The stock market of the last decade characterized by faster stocks' price movements, lesser predictability, and stronger dependencies on global factors. Due to the Internet, the news becomes much stronger factor too. Under influence of news, modern investors are prone to give up a rational behavior and follow temporal emotions. Specific information can drive the market easily through investors' fast feedback. The mentioned above three new-age changes have up-trend character. The stock market has a mixed trend-cyclical character. Let's assume that the new-age recent trend will continue and semi-cyclical character of the market will be in force. Therefore, mostly traders, not long-term investors, may play the stock market in the future.
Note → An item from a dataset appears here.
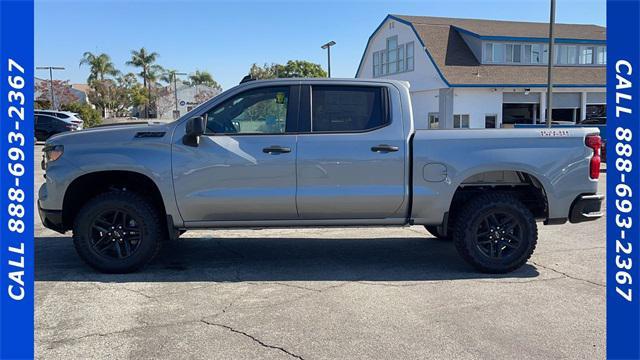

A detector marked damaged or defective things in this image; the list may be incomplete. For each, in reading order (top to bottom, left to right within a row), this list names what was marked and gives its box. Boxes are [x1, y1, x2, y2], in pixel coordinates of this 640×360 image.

pavement crack [528, 262, 604, 286]
pavement crack [201, 320, 304, 358]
As we know, a stock's price movement is a result of supply and demand. There are several factors that traditionally have an effect on the supply-demand balance, and consequently, form a stock's price. These are: company's fundamentals, industry-market conditions, global and national economies, different types of news, analysts' and experts' opinions, technical analysis signals, seasonal and cyclical fluctuations, the investors' psychology, etc. Evidently, the key to successful investing is the ability to predict these and other factors.
Typically, the stock market prediction can be built on the following approaches: Efficient Market Hypothesis (it states that the prices capture all known information), Fundamental analysis (it considers companies performance and macro-economical conditions), or Technical analysis (it uses historical prices and volumes statistics to detect trend). What approach is the best? Can the combination of different methods improve the accuracy of prediction? In fact, different investors use different approaches and insist that they are right. It seems the different groups of investors have good earnings in the different periods (not all the time).
It is possible that some factors become more dominant time-from-time and drive the market. If we knew the factors that are most influential at each moment, we could apply forecasting methods that are the most appropriate. To this end, the science knows at least two techniques that can be handy: proof from hypothesis and back testing. Both can be employed either by own research or by using the software tools that available. These tools should be powerful enough to perform back-testing simulations for composite hypothesis.
In conclusion, a modern stock market is different than it was ten-twenty years ago, when a strategy "buy-and-hold" was good enough. Now it is much harder to have a decent investment return without a proper research and analysis. Today, the direction of the overall market influences significantly an individual stock, many classical approaches fail, the stock market changes its character, and emotional factors become more powerful. At present, winning in the stock market is based mostly on right information and right tools.